I grew up in Iran, a cultural plethora of ornaments and patterns. As a child, I had always been engaged with patterns in mostly all places, mosques, historical buildings, in the streets and even in our small house where I saw them on the carpets. I reckon the best way to embrace the sophisticated Persian culture with all its complexities is by looking at the interplay of a set of classic patterns. To me, ceramics, as my dominant material, and textiles are very nostalgic, thus I decided to apply them in my work because they are a physical sensation of my cultural ground. Besides, soil is a boundless natural matter found in everywhere and my forms are raised from the soil to challenge the relationship between identities within a global context.

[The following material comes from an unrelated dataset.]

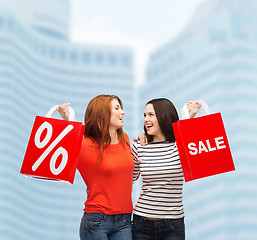 Image showing two smiling teenage girl with shopping bags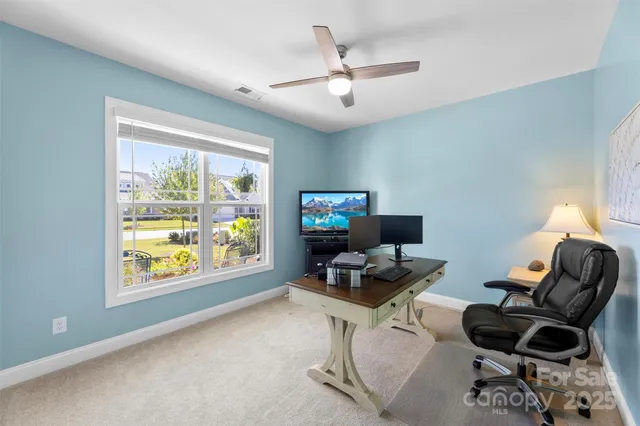 a work room with furniture and a window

As I entered the transitory space in between Persian and American culture, I found that the formation of my identity perception has become fractured. While my personal identity is strongly tied to my gender identity, other people often illustrate my identity through nationality. I scrutinize this disjuncture and seek answers to questions such as: to what extent is identity voluntary? Or is it obligatory? Do the geographical borders and political boundaries impose power over our identities? Can we alter the power system among the layers? Is it within our access to change this system? If it is, how deep can we delve into those layers?
In some of my work, I’ve added the architectural connotation of my sensation belonging to home. They manifest the places where I used to live, and their traces in my memory. The spaces where are dramatically fading both in my mental map as well in their physical stand as Iran is undergoing vast and rapid developments.
Furthermore, I aim at projecting body anatomy by means of architectural forms and explore the position of the body as an integral part of the building. I attempt to embody the identity issue in my work by using different symbols but my main concentration is on the forms, shapes, and patterns that construct the most significant part of my memory.